Elle croit que « l’élément le plus connu de ces politiques d’assimilation demeure le système d’écoles résidentielles ou de pensionnats autochtones. Les enfants de diverses nations étaient obligés de fréquenter ces établissements, où on leur interdisait d’utiliser leurs langues. » 

Questionnée sur la situation sociolinguistique des langues autochtones aujourd’hui, Mme St-Pierre a fait savoir que, sur le territoire, il y a environ 70 langues autochtones distinctes. Ces langues peuvent être réparties en 12 familles linguistiques. « La répartition sur le territoire est inégale et c’est sur la côte du Pacifique qu’on retrouve la plus grande variété de langues autochtones », explique-t-elle. 

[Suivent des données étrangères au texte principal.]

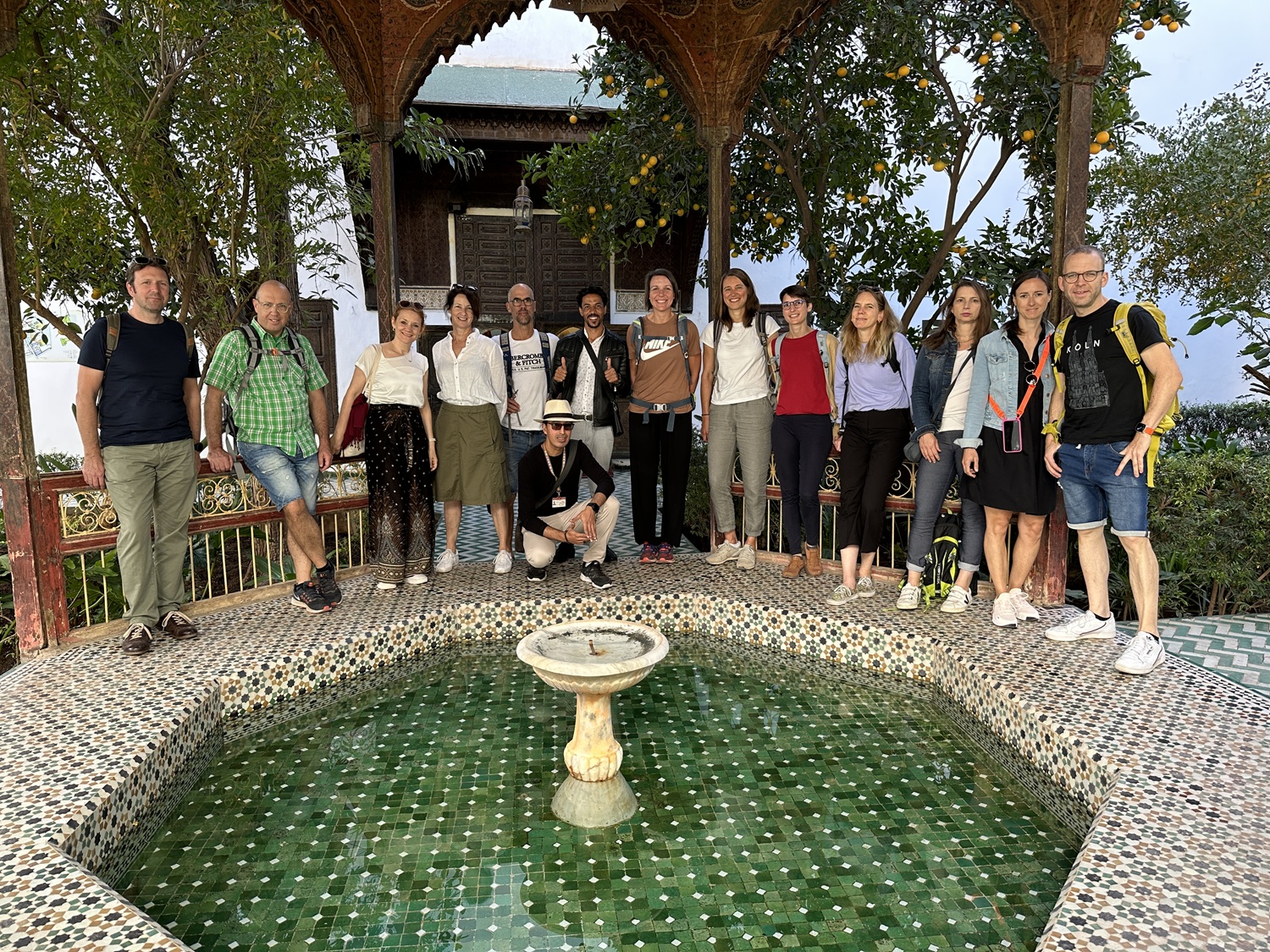 Final morning in Marrakech after a 7-day guided M’Goun Valley trek through Arous, Tarkeddit, Oulilimt and R’bat.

Depuis plusieurs années, force est de constater que le débat tourne autour de la revitalisation des langues autochtones. Des Premières Nations montrent qu’ils veulent préserver ces langues pour les générations à venir. En Saskatchewan, le Conseil tribal File Hills a inauguré récemment la première Semaine des langues autochtones en vue de sensibiliser à la revitalisation des principales langues autochtones de cette province. 

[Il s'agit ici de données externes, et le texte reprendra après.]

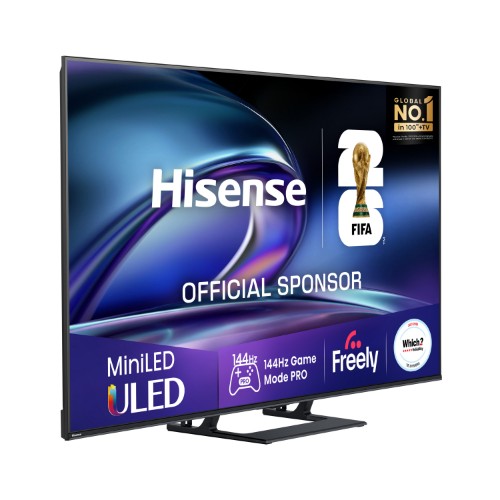 Hisense 55" E8QTUK MiniLED 144Hz Smart AI TV with Freely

Le mois dernier, le gouvernement de cette province a annoncé qu’un financement annuel de 50 000 $ servira à soutenir l’étude des langues autochtones dans la province. Selon Regina, ce financement « permettra de former davantage de professeurs de langues autochtones partout en Saskatchewan et représente un bénéfice à près de 40 étudiants chaque année » . 

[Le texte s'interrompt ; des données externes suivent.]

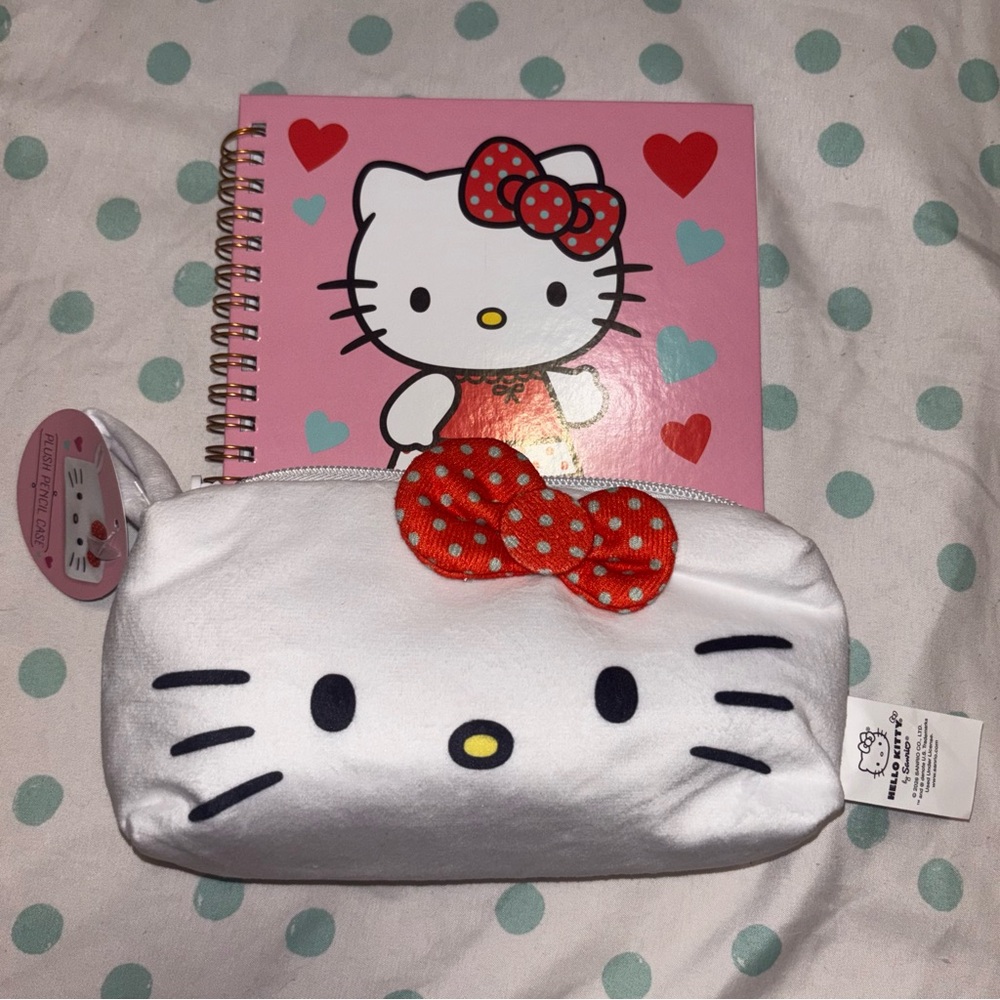 Hello Kitty Notebook & Pencil Case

L’historienne Stéphanie St-Pierre.

PHOTO - L'Université Sainte-Anne

Mme St-Pierre est d’avis que cette revitalisation est une question importante et préoccupante. « En 2019, le gouvernement du Canada a adopté la Loi sur les langues autochtones dont l’objectif est la revitalisation et la protection des langues autochtones sur le territoire canadien, dit-elle. C’est aussi le cas du Mi’kmaw Language Act de la Nouvelle-Écosse en 2022. »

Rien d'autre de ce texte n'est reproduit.